Traffic Exposure Linked to Changes in Heart Structure, Function
Exposure to traffic pollution may alter heart structure and function, according to a new study.
New research links exposure to high levels of traffic-related air pollution to changes in the right ventricle of the heart that may increase the risk of heart disease. Researchers said the findings support previous studies that show that air pollution exposure increases the risk of heart disease.
"Although the link between traffic-related air pollution and left ventricular hypertrophy, heart failure, and cardiovascular death is established, the effects of traffic-related air pollution on the right ventricle have not been well studied," lead author Peter Leary, MD, MS, of the University of Washington Medical Center in Seattle, said in a news release. "Using exposure to nitrogen dioxide as a surrogate for exposure to traffic-related air pollution, we were able to demonstrate for the first time that higher levels of exposure were associated with greater right ventricular mass and larger right ventricular end-diastolic volume. Greater right ventricular mass is also associated with increased risk for heart failure and cardiovascular death."
The latest study involved 3,896 participants who were free of cardiovascular disease in the Multi-Ethnic Study of Atherosclerosis and who underwent cardiac magnetic resonance imaging (MRI). Researchers estimated exposure to outdoor oxides of nitrogen at the homes of participants over the year before the MRI scan.
The findings linked increased exposure to nitrogen dioxide to an approximately 1.0 g (5 percent) increase in right ventricular mass and a 4.1 mL (3 percent) increase in right ventricular end-diastolic volume.

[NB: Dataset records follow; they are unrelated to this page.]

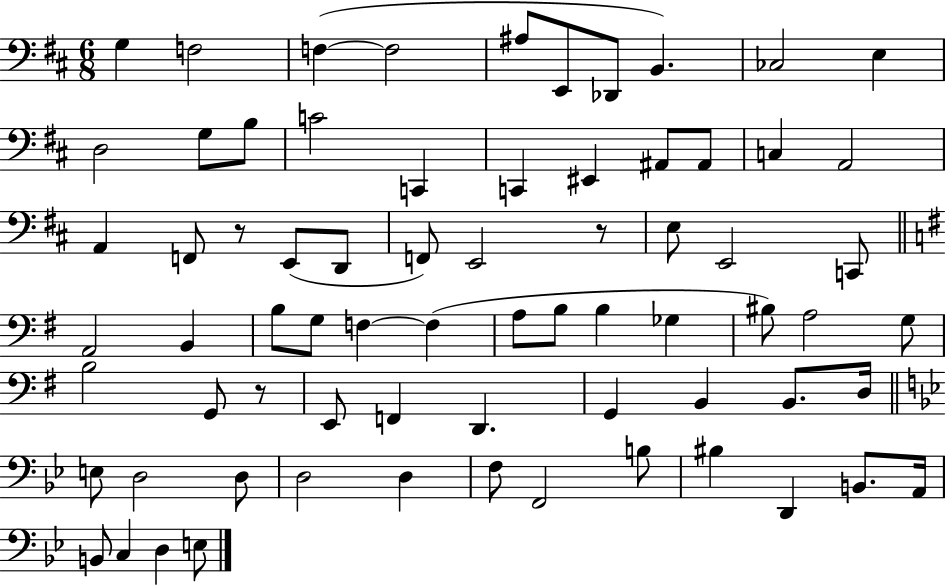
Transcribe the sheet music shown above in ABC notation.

X:1
T:Untitled
M:6/8
L:1/4
K:D
G, F,2 F, F,2 ^A,/2 E,,/2 _D,,/2 B,, _C,2 E, D,2 G,/2 B,/2 C2 C,, C,, ^E,, ^A,,/2 ^A,,/2 C, A,,2 A,, F,,/2 z/2 E,,/2 D,,/2 F,,/2 E,,2 z/2 E,/2 E,,2 C,,/2 A,,2 B,, B,/2 G,/2 F, F, A,/2 B,/2 B, _G, ^B,/2 A,2 G,/2 B,2 G,,/2 z/2 E,,/2 F,, D,, G,, B,, B,,/2 D,/4 E,/2 D,2 D,/2 D,2 D, F,/2 F,,2 B,/2 ^B, D,, B,,/2 A,,/4 B,,/2 C, D, E,/2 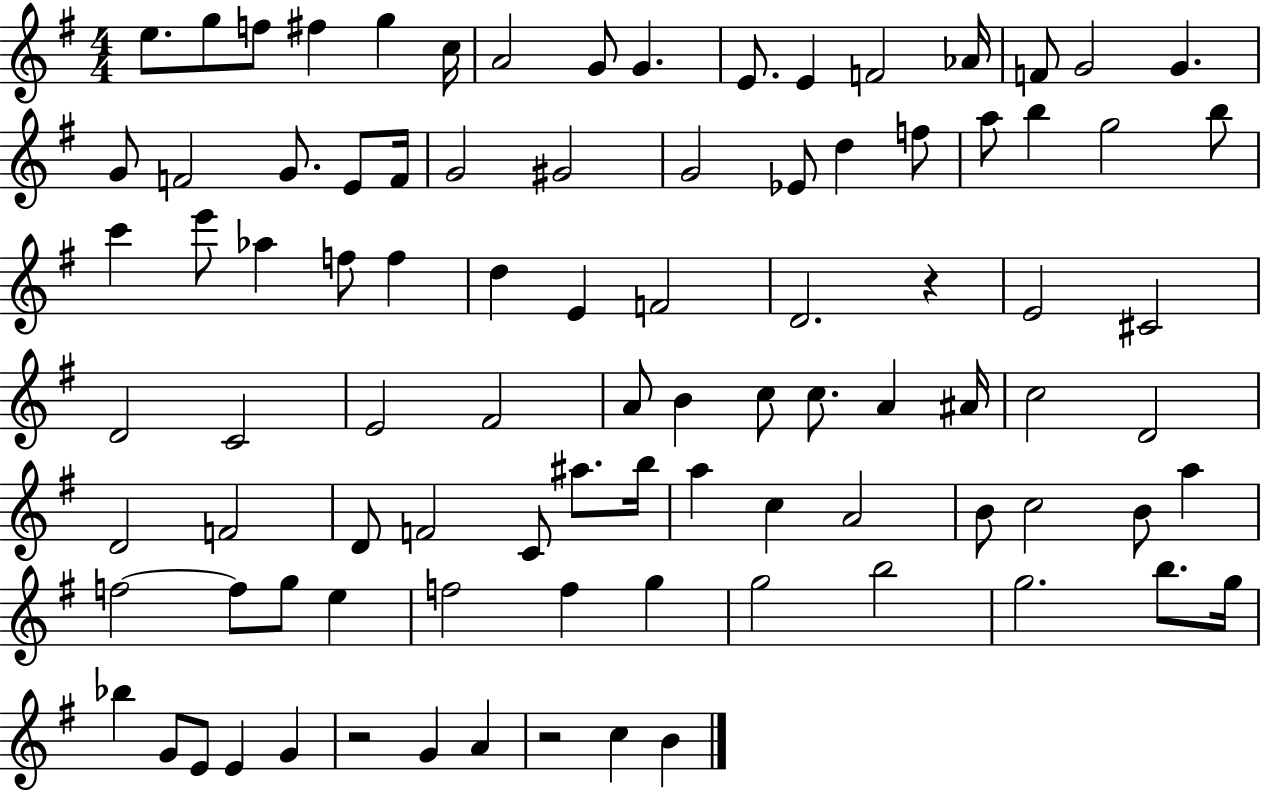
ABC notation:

X:1
T:Untitled
M:4/4
L:1/4
K:G
e/2 g/2 f/2 ^f g c/4 A2 G/2 G E/2 E F2 _A/4 F/2 G2 G G/2 F2 G/2 E/2 F/4 G2 ^G2 G2 _E/2 d f/2 a/2 b g2 b/2 c' e'/2 _a f/2 f d E F2 D2 z E2 ^C2 D2 C2 E2 ^F2 A/2 B c/2 c/2 A ^A/4 c2 D2 D2 F2 D/2 F2 C/2 ^a/2 b/4 a c A2 B/2 c2 B/2 a f2 f/2 g/2 e f2 f g g2 b2 g2 b/2 g/4 _b G/2 E/2 E G z2 G A z2 c B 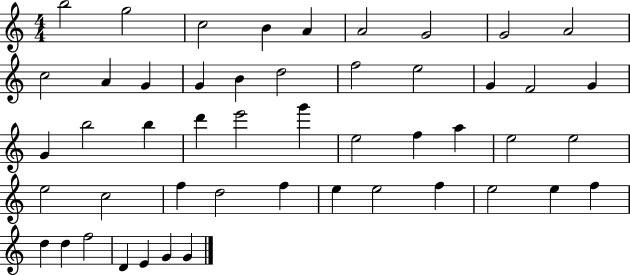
X:1
T:Untitled
M:4/4
L:1/4
K:C
b2 g2 c2 B A A2 G2 G2 A2 c2 A G G B d2 f2 e2 G F2 G G b2 b d' e'2 g' e2 f a e2 e2 e2 c2 f d2 f e e2 f e2 e f d d f2 D E G G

Researchers said the findings held true even after researchers accounted for differences among participants in cardiovascular risk factors, left ventricular mass and volume, markers of inflammation, lung disease and socioeconomic status.
"The morphologic changes in the right ventricle of the heart that we found with increased exposure to nitrogen dioxide add to the body of evidence supporting a connection between traffic-related air pollution and cardiovascular disease," concluded Leary. "The many adverse effects of air pollution on human health support continued efforts to reduce this burden."